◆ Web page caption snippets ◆

· · ·

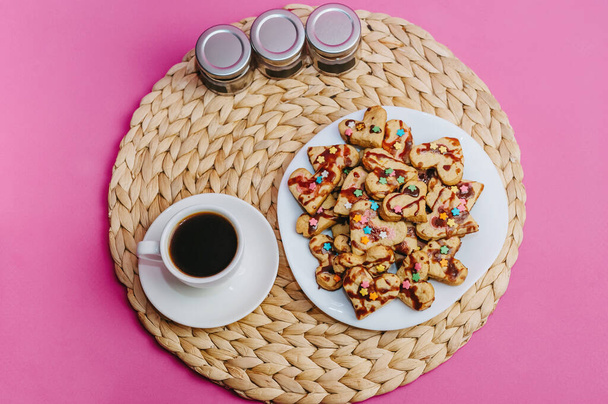 Tasse Kaffee, hausgemachte Plätzchen und Küchenutensilien auf rosa Hintergrund. - Foto, Bild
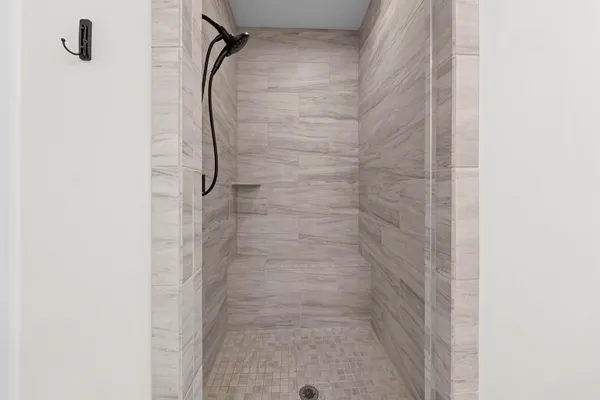 a bathroom with a glass shower door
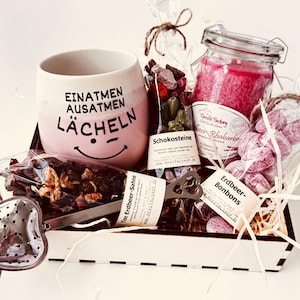 Könnte beinhalten: Ein Geschenkset in einer Holzkiste mit einer rosa Tasse mit der Aufschrift "EINATMEN AUSATMEN LÄCHELN" und einem Smiley, einem herzförmigen Tee-Ei aus Metall, losem Tee, Schokosteinen, einer rosa Kerze im Glas und Erdbeerbonbons.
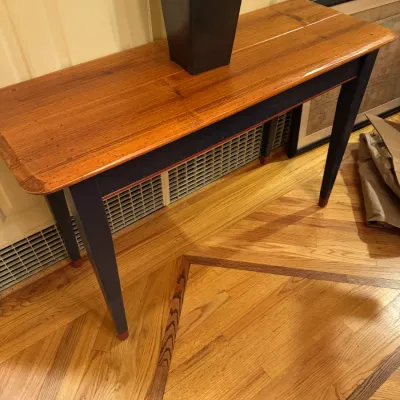 Country-style console table featuring a natural pine top, dark blue painted apron and tapered legs, with red accent striping and feet.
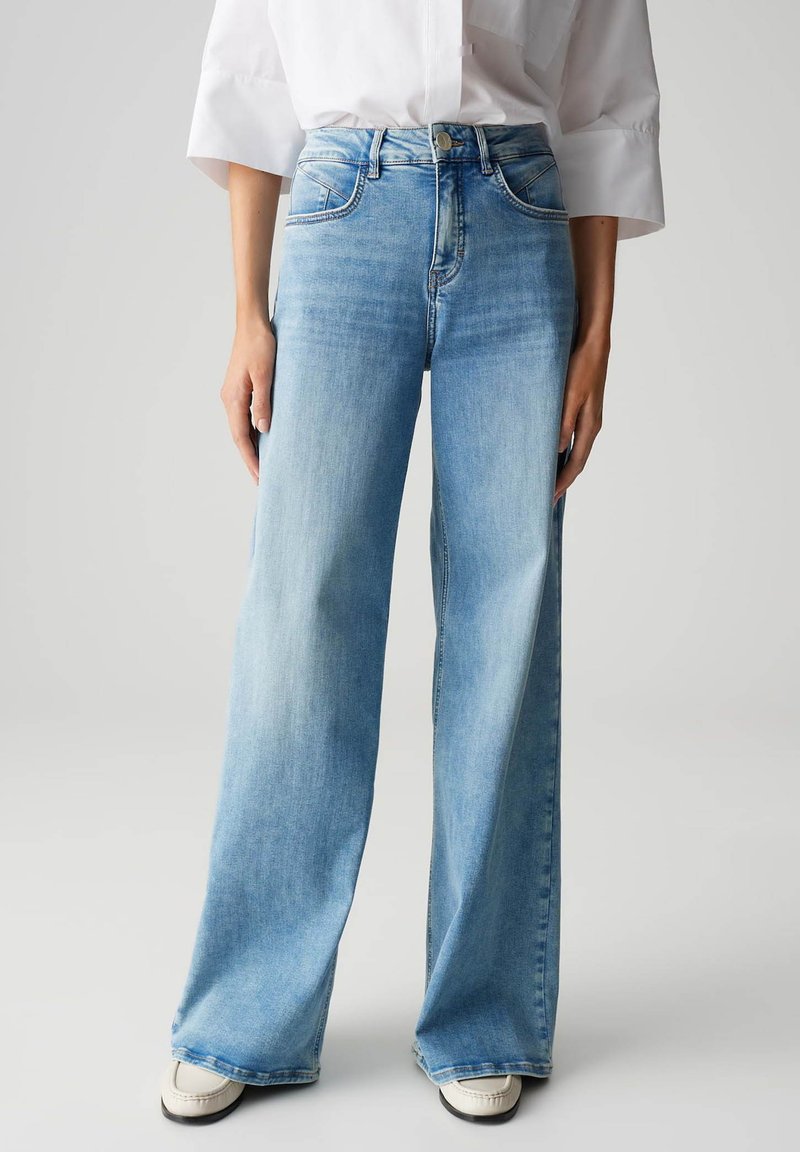 Jean en denim bleu clair à jambe large avec une taille haute, comportant cinq poches, un léger décoloration et une fermeture à bouton à l'avant.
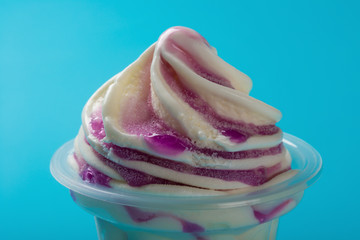 cup of strawberry flavor ice cream close up on blue background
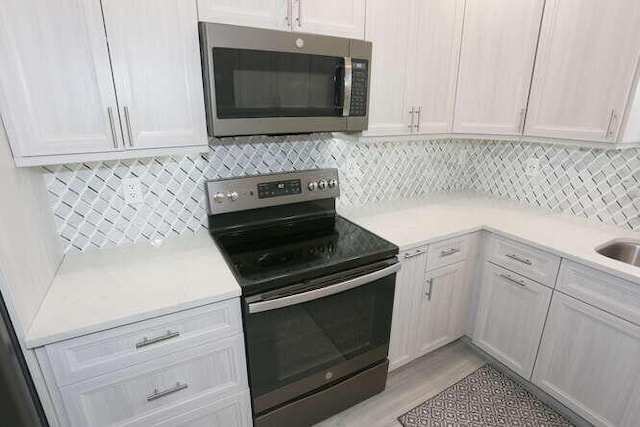 kitchen with decorative backsplash, stainless steel appliances, and white cabinets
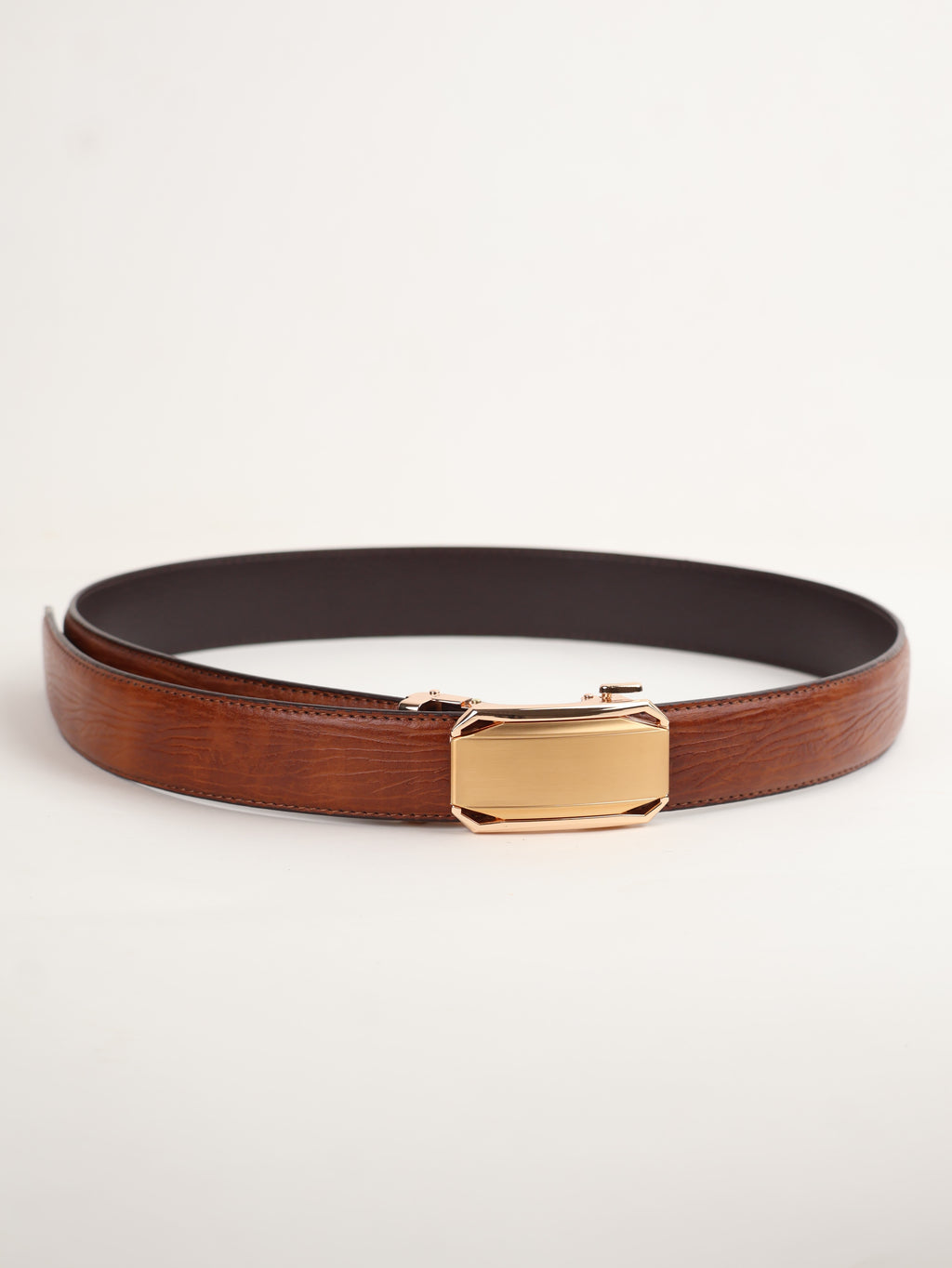 Tan belt with a gold buckle 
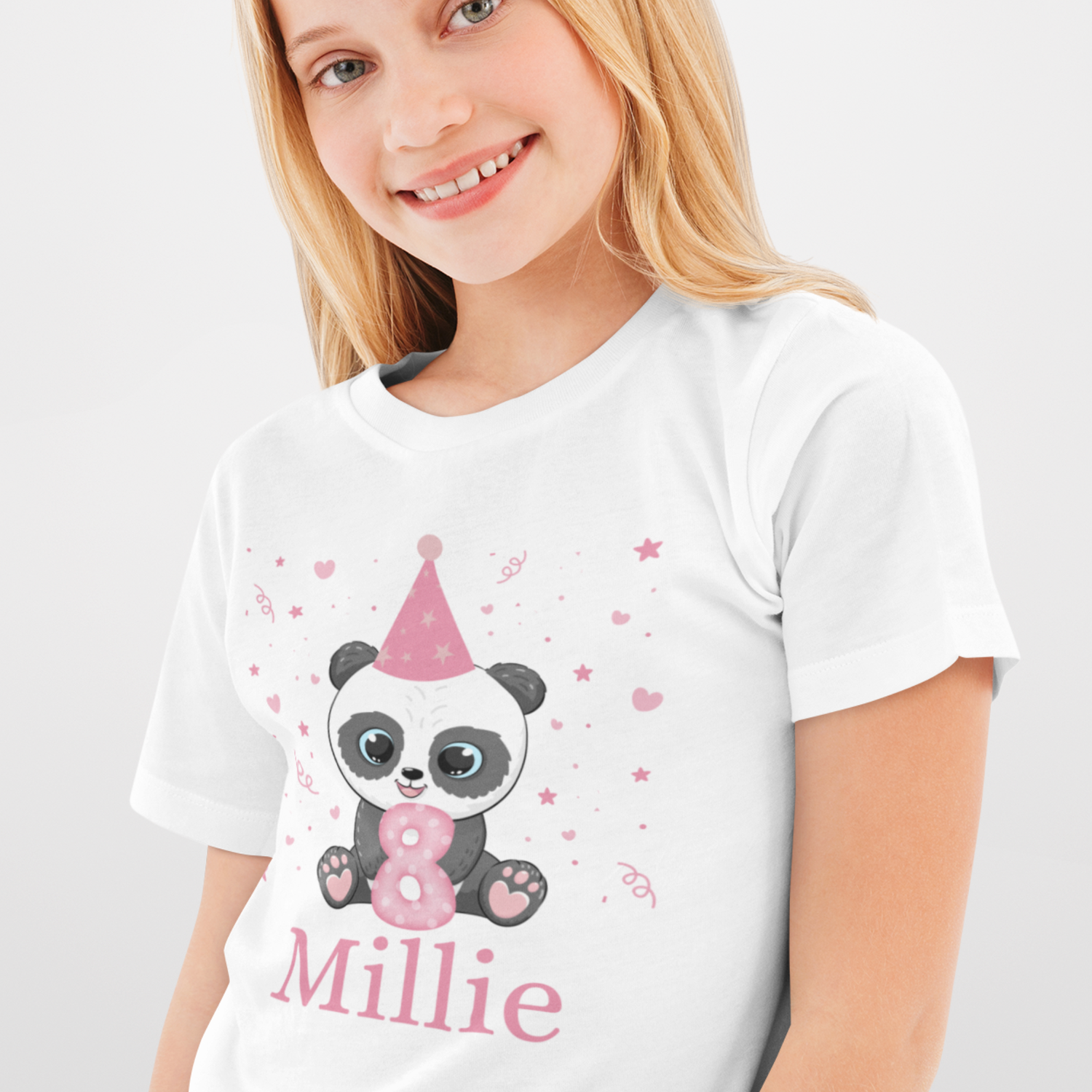 Young girl wearing a white short sleeve birthday t-shirt featuring a cute panda in a pink party hat holding a pink number 8 with stars and hearts around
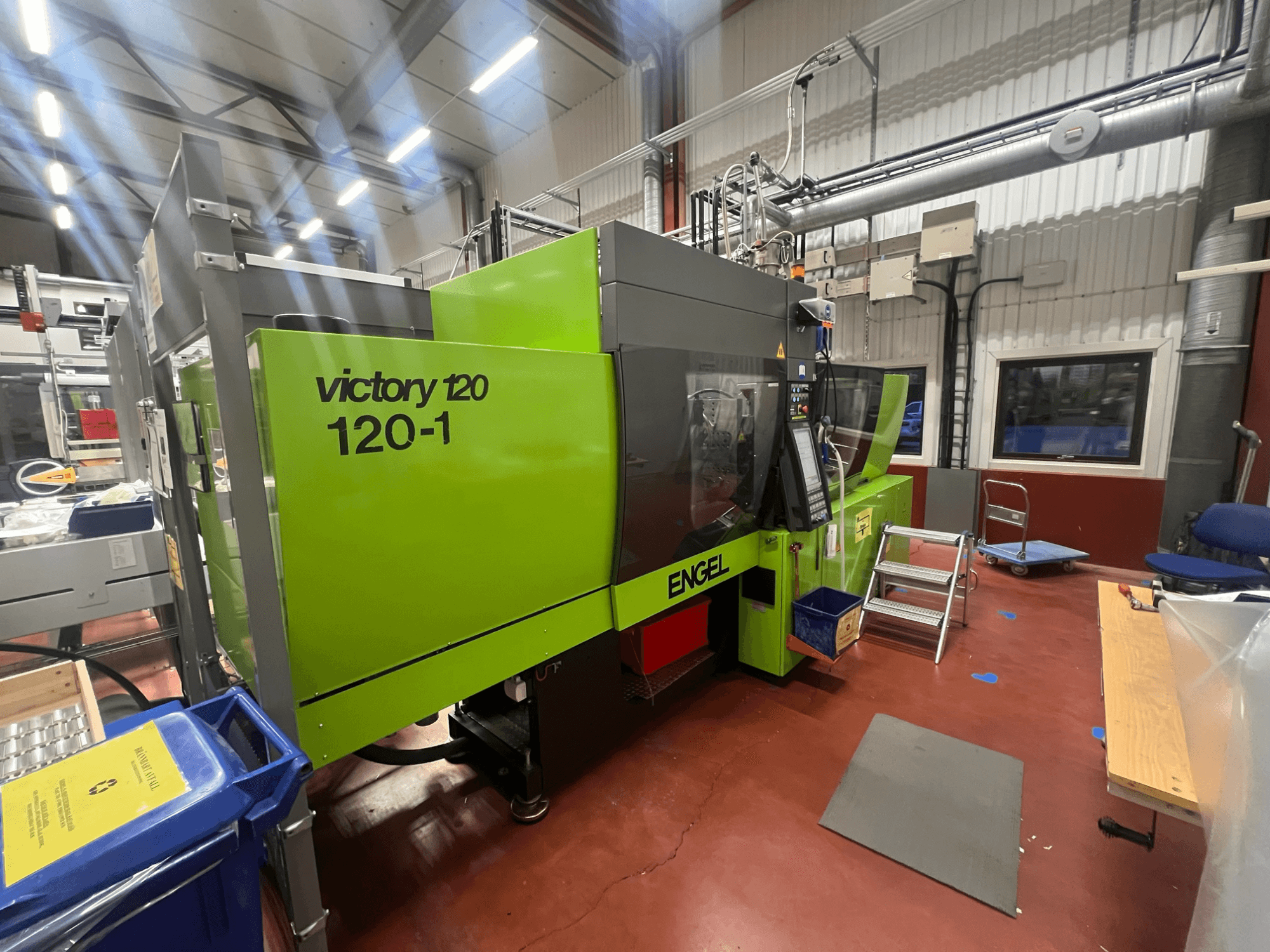 Máquina de moldeo por inyección ENGEL Victory 120-1 verde, vista frontal, con panel de control y escalones, en un entorno industrial.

· · ·

◆ TASK OBJECTIVE ◆
Please print the entries exactly as they stand. Images are not part of the copy.

◆ RESPONSE AREA ◆
 Tasse Kaffee, hausgemachte Plätzchen und Küchenutensilien auf rosa Hintergrund. - Foto, Bild
 a bathroom with a glass shower door
 Könnte beinhalten: Ein Geschenkset in einer Holzkiste mit einer rosa Tasse mit der Aufschrift "EINATMEN AUSATMEN LÄCHELN" und einem Smiley, einem herzförmigen Tee-Ei aus Metall, losem Tee, Schokosteinen, einer rosa Kerze im Glas und Erdbeerbonbons.
 Country-style console table featuring a natural pine top, dark blue painted apron and tapered legs, with red accent striping and feet.
 Jean en denim bleu clair à jambe large avec une taille haute, comportant cinq poches, un léger décoloration et une fermeture à bouton à l'avant.
 cup of strawberry flavor ice cream close up on blue background
 kitchen with decorative backsplash, stainless steel appliances, and white cabinets
 Tan belt with a gold buckle 
 Young girl wearing a white short sleeve birthday t-shirt featuring a cute panda in a pink party hat holding a pink number 8 with stars and hearts around
 Máquina de moldeo por inyección ENGEL Victory 120-1 verde, vista frontal, con panel de control y escalones, en un entorno industrial.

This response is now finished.